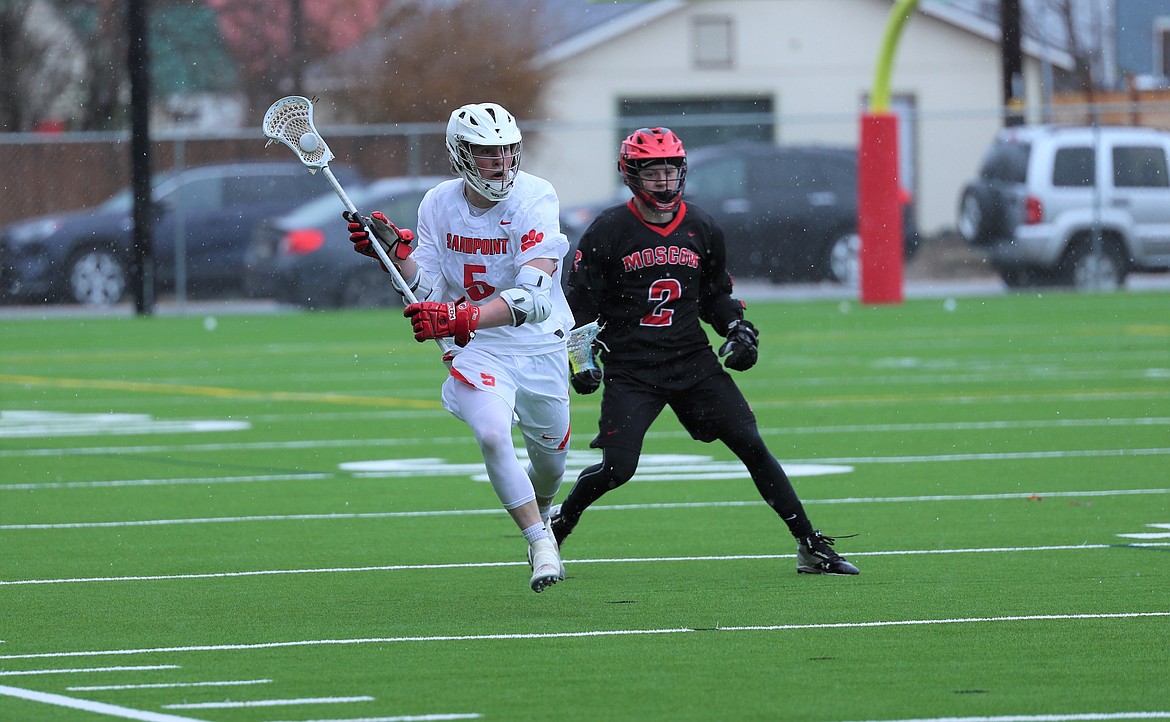 Owen Wimmer crosses midfield and brings the ball upfield on Wednesday.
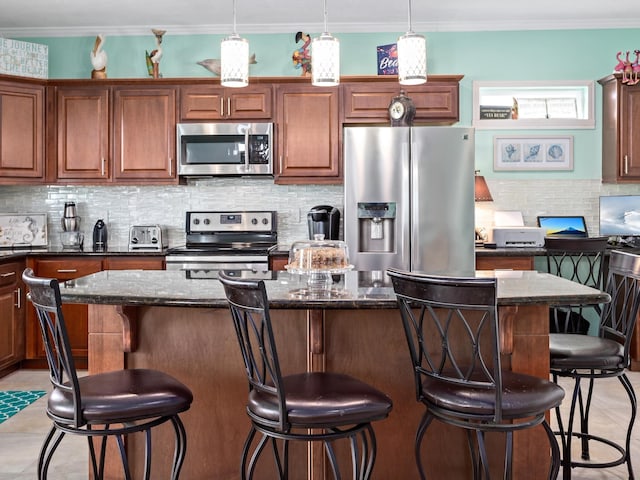 kitchen with a kitchen island, hanging light fixtures, appliances with stainless steel finishes, and dark stone counters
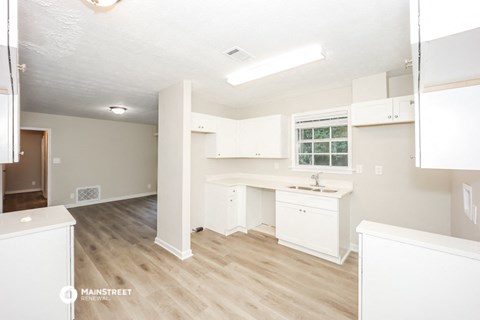 a white kitchen with a wooden floor and white cabinets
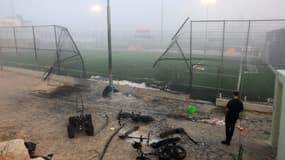 Un homme se tient près d'un portail endommagé autour d'un terrain de football après une frappe du Liban dans le village de Majdal Shams dans la zone du Golan annexée par Israël, le 28 juillet 2024.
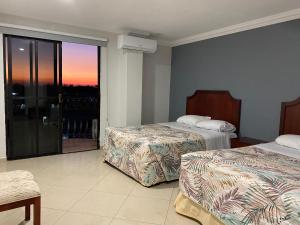 a hotel room with two beds and a large window at Grand Royal Tampico in Tampico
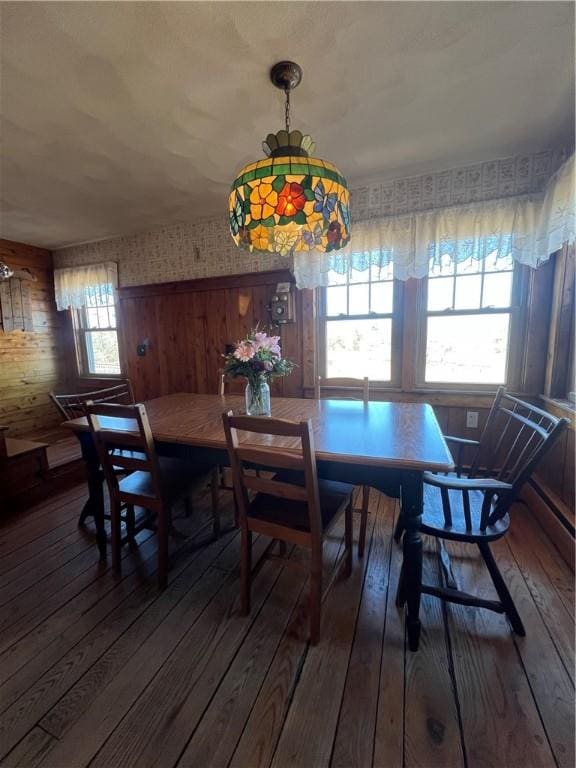 dining room with wood-type flooring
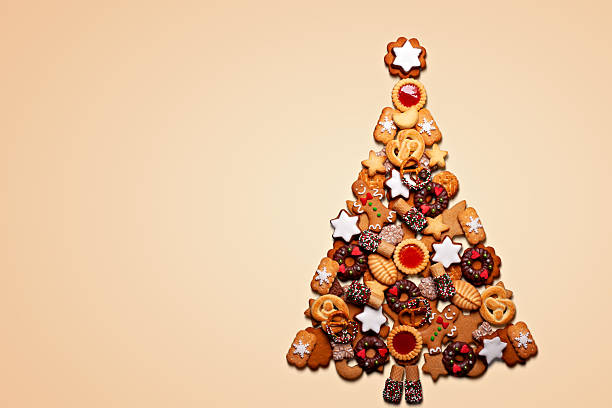istock Christmas tree made from Assorted Christmas Gingerbread cookies on light background with copy space 2244813939
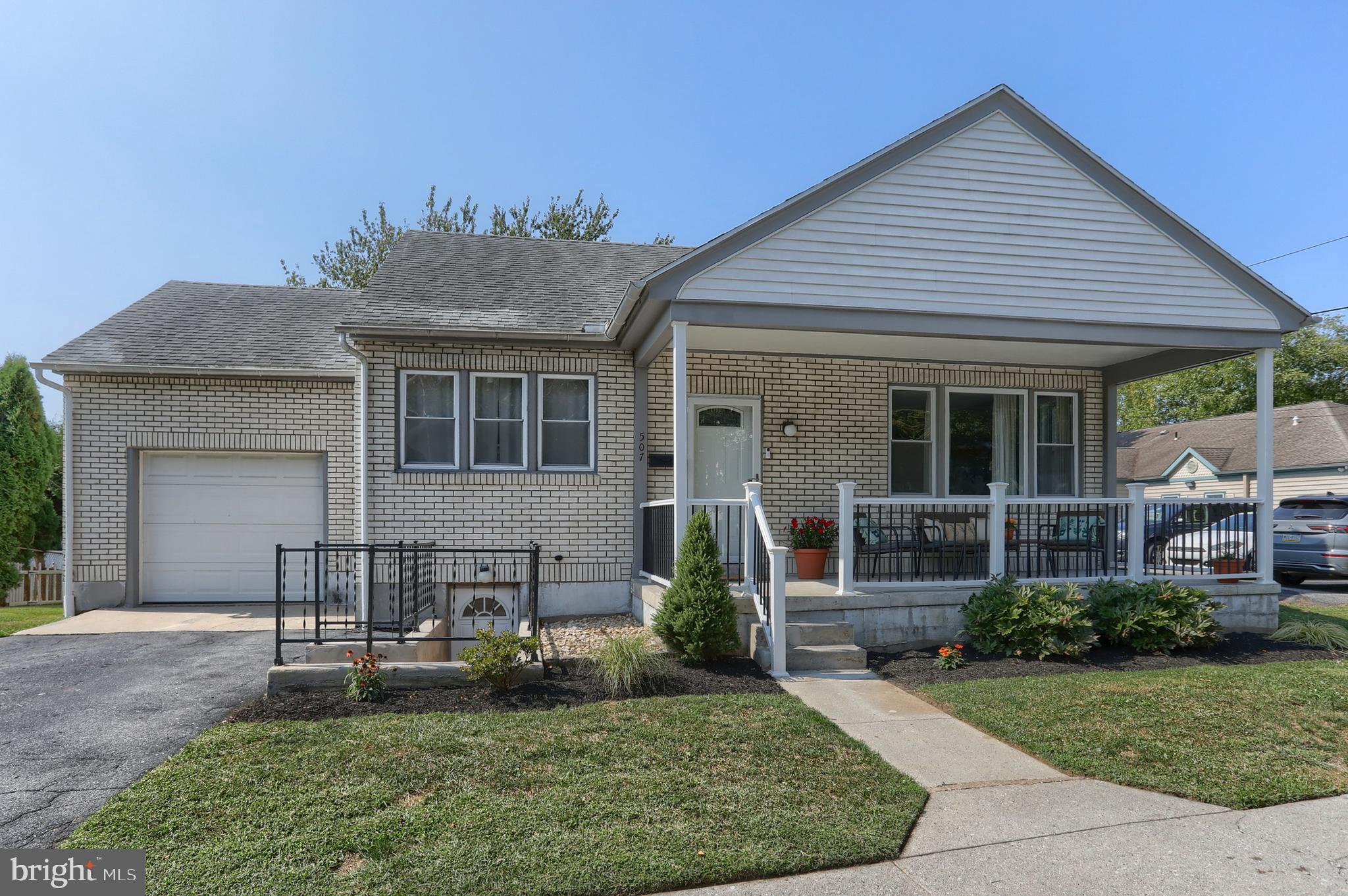 Clean and pristine. Sturdy cape cod on the south side of Lebanon City. This home has been carefully maintained and thoughtfully renovated; and is now ready for its next chapter of ownership. The main level has a convenient first-floor bedroom and full bathroom. Two (2) additional bedrooms and one (1) full bathroom upstairs. Both bathrooms have been remodeled. The comfortable layout provides a large living room with a wood pellet stove and custom fireplace with a live-edge mantel. The large porch provides a cozy space to entertain or to enjoy a morning coffee. The back yard has been improved with a 6-foot wooden fence to maximize privacy. Perfect for children or dogs. The oversized one-car garage runs deep and also has a large storage area above that is accessible by staircase. All windows have been replaced. Roof installed in 2010, and still in great shape. Other recent upgrades include all new flooring, carpet, and paint (2023 to 2025), all light fixtures replaced (2025), Upgrades to fireplace venting and motor (2024), Concrete improvement to exterior basement steps, Exterior soffits, fascia, trim painted (2024), Most baseboards replaced (2025). Close proximity to grocery stores, restaurants, shops, and all local schools and hospitals. This home is solid and can be purchased with confidence. Seize your moment!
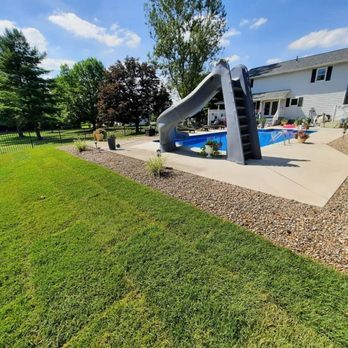 JC Stone Landscaping - a backyard with a pool and a slide - Landscaping Near Me JC Stone Landscaping - a backyard with a pool and a slide - Landscaping Near Me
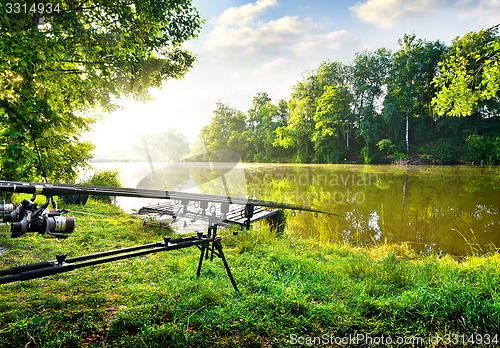 Image of Fishing rods near river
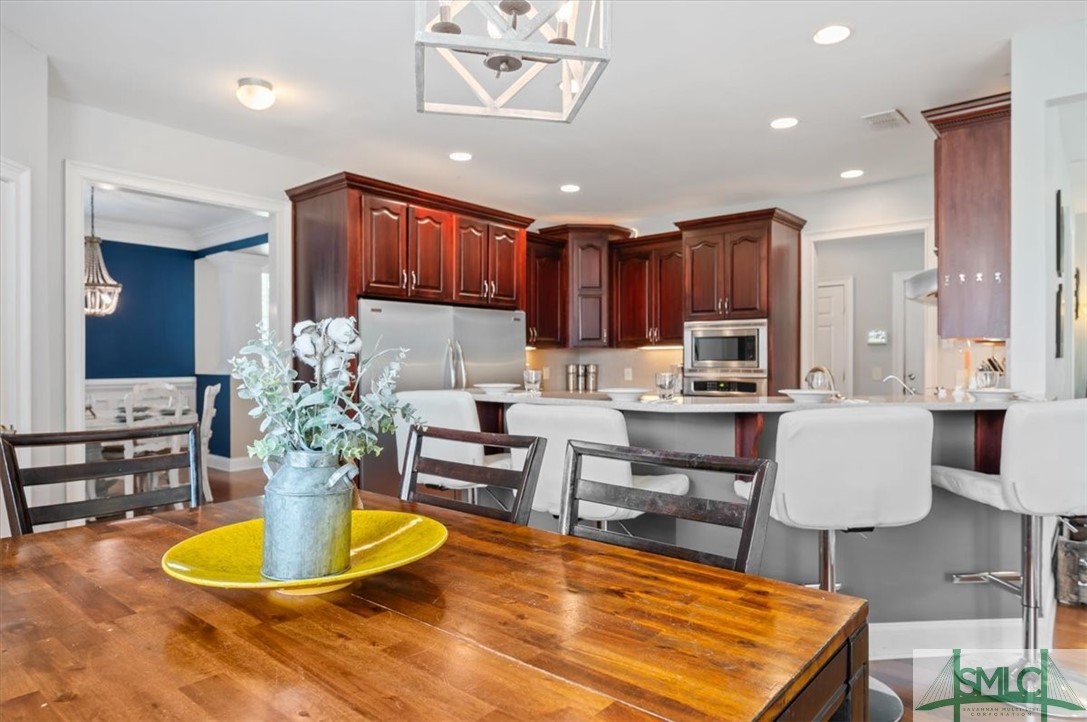 111 Stadium Drive Guyton, GA 31312 - Photo 13 of 50 Breakfast Room to Kitchen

※ ※ ※

# [WORK TO BE COMPLETED]
From the first line to the last, repeat the material exactly, but drop the pictures.

# [TASK ANSWER]
 Owen Wimmer crosses midfield and brings the ball upfield on Wednesday.
 kitchen with a kitchen island, hanging light fixtures, appliances with stainless steel finishes, and dark stone counters
 a white kitchen with a wooden floor and white cabinets
 Un homme se tient près d'un portail endommagé autour d'un terrain de football après une frappe du Liban dans le village de Majdal Shams dans la zone du Golan annexée par Israël, le 28 juillet 2024.
 a hotel room with two beds and a large window at Grand Royal Tampico in Tampico
 dining room with wood-type flooring
istock Christmas tree made from Assorted Christmas Gingerbread cookies on light background with copy space 2244813939
 Clean and pristine. Sturdy cape cod on the south side of Lebanon City. This home has been carefully maintained and thoughtfully renovated; and is now ready for its next chapter of ownership. The main level has a convenient first-floor bedroom and full bathroom. Two (2) additional bedrooms and one (1) full bathroom upstairs. Both bathrooms have been remodeled. The comfortable layout provides a large living room with a wood pellet stove and custom fireplace with a live-edge mantel. The large porch provides a cozy space to entertain or to enjoy a morning coffee. The back yard has been improved with a 6-foot wooden fence to maximize privacy. Perfect for children or dogs. The oversized one-car garage runs deep and also has a large storage area above that is accessible by staircase. All windows have been replaced. Roof installed in 2010, and still in great shape. Other recent upgrades include all new flooring, carpet, and paint (2023 to 2025), all light fixtures replaced (2025), Upgrades to fireplace venting and motor (2024), Concrete improvement to exterior basement steps, Exterior soffits, fascia, trim painted (2024), Most baseboards replaced (2025). Close proximity to grocery stores, restaurants, shops, and all local schools and hospitals. This home is solid and can be purchased with confidence. Seize your moment!
 JC Stone Landscaping - a backyard with a pool and a slide - Landscaping Near Me JC Stone Landscaping - a backyard with a pool and a slide - Landscaping Near Me
 Image of Fishing rods near river
 111 Stadium Drive Guyton, GA 31312 - Photo 13 of 50 Breakfast Room to Kitchen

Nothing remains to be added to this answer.